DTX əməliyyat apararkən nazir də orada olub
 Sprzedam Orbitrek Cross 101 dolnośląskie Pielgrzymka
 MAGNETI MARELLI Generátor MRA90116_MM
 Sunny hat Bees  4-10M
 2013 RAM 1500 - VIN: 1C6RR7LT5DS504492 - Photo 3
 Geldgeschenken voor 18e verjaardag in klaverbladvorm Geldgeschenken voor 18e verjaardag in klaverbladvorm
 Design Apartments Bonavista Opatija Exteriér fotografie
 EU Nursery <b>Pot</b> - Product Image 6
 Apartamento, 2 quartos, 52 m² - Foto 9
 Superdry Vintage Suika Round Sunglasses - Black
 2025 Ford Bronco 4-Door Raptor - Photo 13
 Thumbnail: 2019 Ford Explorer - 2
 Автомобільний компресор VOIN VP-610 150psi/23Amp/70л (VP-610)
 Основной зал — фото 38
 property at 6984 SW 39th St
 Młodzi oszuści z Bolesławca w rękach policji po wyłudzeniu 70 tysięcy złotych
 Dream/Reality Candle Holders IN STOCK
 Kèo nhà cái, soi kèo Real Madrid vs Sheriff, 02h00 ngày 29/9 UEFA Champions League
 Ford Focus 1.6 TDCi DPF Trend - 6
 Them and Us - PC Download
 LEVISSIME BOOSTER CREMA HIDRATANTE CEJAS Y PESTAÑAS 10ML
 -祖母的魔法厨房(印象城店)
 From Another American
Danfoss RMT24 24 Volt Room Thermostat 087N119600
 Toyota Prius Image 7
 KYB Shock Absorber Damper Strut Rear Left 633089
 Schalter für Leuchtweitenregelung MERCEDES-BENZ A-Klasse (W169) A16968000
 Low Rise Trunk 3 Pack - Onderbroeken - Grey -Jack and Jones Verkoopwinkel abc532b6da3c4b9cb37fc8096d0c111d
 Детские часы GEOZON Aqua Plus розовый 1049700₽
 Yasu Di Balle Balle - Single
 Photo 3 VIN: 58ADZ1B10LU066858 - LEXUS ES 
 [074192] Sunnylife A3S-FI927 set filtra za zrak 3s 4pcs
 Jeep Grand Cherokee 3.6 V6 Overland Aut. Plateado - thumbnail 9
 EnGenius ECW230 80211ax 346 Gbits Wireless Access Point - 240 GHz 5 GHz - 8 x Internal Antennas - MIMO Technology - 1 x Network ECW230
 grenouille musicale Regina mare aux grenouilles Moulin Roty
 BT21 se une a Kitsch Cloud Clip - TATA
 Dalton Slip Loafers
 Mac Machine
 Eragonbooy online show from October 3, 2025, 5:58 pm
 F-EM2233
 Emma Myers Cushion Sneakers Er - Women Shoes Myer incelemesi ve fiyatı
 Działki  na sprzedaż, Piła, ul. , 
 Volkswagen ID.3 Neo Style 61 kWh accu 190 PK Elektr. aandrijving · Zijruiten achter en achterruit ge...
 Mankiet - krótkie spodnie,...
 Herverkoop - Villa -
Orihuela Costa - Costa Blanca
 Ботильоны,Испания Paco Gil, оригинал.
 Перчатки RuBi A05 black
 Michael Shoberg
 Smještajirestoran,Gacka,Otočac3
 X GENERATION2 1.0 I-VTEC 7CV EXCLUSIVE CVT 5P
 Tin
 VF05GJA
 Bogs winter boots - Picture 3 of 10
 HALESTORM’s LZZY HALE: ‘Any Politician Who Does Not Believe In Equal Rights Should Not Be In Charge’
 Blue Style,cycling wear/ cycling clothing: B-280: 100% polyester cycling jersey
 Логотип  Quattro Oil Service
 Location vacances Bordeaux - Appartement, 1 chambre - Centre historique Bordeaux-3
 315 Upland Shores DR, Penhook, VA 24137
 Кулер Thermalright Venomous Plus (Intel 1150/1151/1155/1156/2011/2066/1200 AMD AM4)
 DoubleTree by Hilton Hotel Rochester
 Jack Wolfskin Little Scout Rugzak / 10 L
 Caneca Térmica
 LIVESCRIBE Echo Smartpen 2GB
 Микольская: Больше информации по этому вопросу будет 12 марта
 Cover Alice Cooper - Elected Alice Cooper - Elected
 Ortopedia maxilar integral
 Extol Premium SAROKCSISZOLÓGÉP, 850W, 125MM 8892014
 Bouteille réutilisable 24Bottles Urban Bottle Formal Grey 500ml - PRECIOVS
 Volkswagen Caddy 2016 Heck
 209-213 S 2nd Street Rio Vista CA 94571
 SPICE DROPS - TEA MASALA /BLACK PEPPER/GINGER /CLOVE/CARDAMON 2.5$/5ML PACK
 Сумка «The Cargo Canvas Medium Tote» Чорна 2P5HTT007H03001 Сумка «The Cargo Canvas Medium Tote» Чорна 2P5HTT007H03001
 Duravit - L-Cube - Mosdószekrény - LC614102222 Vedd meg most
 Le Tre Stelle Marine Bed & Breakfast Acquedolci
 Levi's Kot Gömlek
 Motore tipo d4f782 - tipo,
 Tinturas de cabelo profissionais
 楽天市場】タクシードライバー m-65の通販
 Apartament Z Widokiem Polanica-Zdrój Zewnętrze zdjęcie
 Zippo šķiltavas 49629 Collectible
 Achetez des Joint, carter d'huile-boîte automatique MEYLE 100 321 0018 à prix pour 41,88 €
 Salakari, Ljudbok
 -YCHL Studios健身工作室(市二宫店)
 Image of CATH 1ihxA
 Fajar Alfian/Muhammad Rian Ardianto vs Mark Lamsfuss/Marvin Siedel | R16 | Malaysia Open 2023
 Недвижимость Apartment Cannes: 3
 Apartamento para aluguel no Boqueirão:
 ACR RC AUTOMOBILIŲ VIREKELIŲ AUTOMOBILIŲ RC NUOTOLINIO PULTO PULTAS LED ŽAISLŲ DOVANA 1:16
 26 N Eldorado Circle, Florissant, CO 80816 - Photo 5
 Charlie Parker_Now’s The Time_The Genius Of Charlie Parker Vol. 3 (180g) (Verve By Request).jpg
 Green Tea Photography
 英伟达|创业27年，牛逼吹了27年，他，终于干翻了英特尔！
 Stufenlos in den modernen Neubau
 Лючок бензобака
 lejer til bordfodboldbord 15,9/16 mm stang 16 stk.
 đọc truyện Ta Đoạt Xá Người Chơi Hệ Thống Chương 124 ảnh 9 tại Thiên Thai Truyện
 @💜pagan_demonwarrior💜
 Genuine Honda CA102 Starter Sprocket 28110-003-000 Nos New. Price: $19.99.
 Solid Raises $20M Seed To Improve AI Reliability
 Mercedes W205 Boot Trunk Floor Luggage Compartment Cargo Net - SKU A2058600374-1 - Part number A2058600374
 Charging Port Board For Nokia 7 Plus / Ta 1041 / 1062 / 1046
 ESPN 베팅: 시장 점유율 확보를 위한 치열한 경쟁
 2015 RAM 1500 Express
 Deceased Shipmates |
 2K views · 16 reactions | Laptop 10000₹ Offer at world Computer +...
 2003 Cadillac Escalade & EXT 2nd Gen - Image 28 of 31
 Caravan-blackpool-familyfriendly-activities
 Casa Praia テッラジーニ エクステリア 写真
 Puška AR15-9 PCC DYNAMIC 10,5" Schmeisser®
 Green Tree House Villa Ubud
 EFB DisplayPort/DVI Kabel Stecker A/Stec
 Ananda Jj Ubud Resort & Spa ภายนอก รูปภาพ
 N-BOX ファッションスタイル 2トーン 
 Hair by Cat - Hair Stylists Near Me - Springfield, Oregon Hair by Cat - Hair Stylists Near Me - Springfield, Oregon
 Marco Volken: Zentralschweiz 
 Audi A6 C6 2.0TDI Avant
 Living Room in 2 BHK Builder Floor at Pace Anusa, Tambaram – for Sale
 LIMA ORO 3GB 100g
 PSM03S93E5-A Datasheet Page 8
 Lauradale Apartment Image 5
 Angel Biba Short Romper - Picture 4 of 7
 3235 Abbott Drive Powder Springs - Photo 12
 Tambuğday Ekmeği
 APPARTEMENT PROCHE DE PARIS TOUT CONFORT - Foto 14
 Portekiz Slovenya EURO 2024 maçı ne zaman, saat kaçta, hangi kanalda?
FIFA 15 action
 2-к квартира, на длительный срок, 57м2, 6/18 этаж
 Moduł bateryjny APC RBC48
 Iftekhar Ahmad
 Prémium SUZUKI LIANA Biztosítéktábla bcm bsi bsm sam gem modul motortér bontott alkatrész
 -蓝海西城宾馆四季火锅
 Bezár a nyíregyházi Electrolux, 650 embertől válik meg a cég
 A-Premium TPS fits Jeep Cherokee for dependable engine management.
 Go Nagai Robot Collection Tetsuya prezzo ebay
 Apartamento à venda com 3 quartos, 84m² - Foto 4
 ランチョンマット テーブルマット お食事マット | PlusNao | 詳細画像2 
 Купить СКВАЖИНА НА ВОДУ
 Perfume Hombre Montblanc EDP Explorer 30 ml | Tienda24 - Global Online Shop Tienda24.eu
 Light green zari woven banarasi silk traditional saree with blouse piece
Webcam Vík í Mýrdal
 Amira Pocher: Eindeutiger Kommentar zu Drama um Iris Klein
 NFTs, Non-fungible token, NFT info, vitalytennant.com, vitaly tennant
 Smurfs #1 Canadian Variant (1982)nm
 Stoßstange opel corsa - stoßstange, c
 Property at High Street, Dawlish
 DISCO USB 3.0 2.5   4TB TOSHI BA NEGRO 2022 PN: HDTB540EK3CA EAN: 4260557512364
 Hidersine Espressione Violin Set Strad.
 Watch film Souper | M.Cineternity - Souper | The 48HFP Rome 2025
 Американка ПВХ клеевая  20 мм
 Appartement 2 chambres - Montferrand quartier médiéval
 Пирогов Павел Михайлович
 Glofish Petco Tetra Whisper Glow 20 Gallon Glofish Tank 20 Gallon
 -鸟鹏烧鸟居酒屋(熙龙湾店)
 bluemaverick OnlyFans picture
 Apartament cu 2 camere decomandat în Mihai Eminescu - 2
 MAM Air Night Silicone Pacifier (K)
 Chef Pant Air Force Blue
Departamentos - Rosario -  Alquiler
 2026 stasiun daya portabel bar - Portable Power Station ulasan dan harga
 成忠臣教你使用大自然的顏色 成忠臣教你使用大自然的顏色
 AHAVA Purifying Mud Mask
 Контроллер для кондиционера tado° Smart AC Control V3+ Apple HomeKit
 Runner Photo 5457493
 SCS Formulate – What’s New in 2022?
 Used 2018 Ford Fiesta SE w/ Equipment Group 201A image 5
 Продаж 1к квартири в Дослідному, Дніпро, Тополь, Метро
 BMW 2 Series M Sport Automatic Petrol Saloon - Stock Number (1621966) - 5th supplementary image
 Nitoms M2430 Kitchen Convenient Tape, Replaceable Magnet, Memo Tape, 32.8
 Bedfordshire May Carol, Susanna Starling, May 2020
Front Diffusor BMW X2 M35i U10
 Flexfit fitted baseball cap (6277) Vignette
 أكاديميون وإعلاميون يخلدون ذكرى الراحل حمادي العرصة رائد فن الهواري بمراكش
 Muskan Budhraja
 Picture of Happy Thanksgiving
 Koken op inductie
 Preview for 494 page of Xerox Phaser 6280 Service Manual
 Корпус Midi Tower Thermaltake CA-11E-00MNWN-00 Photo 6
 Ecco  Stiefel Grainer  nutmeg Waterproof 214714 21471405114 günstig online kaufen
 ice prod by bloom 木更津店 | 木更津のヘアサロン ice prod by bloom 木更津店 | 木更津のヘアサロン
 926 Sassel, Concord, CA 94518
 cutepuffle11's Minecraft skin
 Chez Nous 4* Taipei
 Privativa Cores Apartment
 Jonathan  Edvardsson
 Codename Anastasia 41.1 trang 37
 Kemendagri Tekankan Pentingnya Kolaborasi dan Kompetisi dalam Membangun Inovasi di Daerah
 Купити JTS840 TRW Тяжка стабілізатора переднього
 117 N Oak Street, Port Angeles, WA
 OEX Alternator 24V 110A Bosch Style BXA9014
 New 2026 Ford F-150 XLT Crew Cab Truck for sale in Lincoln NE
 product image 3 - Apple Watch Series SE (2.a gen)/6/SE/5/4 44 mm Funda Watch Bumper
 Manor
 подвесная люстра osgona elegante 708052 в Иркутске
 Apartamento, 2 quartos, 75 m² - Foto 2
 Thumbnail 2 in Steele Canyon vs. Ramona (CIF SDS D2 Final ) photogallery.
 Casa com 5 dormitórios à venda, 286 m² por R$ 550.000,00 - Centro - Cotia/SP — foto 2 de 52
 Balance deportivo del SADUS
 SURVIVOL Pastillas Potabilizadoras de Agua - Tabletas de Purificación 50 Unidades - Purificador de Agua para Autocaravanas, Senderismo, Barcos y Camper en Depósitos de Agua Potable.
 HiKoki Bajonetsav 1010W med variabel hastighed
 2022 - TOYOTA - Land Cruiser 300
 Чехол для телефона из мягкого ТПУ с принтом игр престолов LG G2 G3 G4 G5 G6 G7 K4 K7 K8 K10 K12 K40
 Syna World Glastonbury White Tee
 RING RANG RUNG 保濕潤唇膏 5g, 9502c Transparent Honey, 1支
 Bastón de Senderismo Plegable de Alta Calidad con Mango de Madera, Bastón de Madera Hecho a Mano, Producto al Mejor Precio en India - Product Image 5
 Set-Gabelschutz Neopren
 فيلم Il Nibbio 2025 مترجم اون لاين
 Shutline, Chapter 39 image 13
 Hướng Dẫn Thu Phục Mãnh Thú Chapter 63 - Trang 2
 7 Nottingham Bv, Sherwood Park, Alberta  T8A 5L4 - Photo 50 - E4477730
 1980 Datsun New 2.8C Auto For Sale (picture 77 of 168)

▸ **What you have to do**
Exact duplication is required for the lines above, from the line that contains "Appartement 2 chambres" to the line that contains "AHAVA Purifying Mud Mask", inclusive; omit all others.

▸ **Answer area**
 Appartement 2 chambres - Montferrand quartier médiéval
 Пирогов Павел Михайлович
 Glofish Petco Tetra Whisper Glow 20 Gallon Glofish Tank 20 Gallon
 -鸟鹏烧鸟居酒屋(熙龙湾店)
 bluemaverick OnlyFans picture
 Apartament cu 2 camere decomandat în Mihai Eminescu - 2
 MAM Air Night Silicone Pacifier (K)
 Chef Pant Air Force Blue
Departamentos - Rosario -  Alquiler
 2026 stasiun daya portabel bar - Portable Power Station ulasan dan harga
 成忠臣教你使用大自然的顏色 成忠臣教你使用大自然的顏色
 AHAVA Purifying Mud Mask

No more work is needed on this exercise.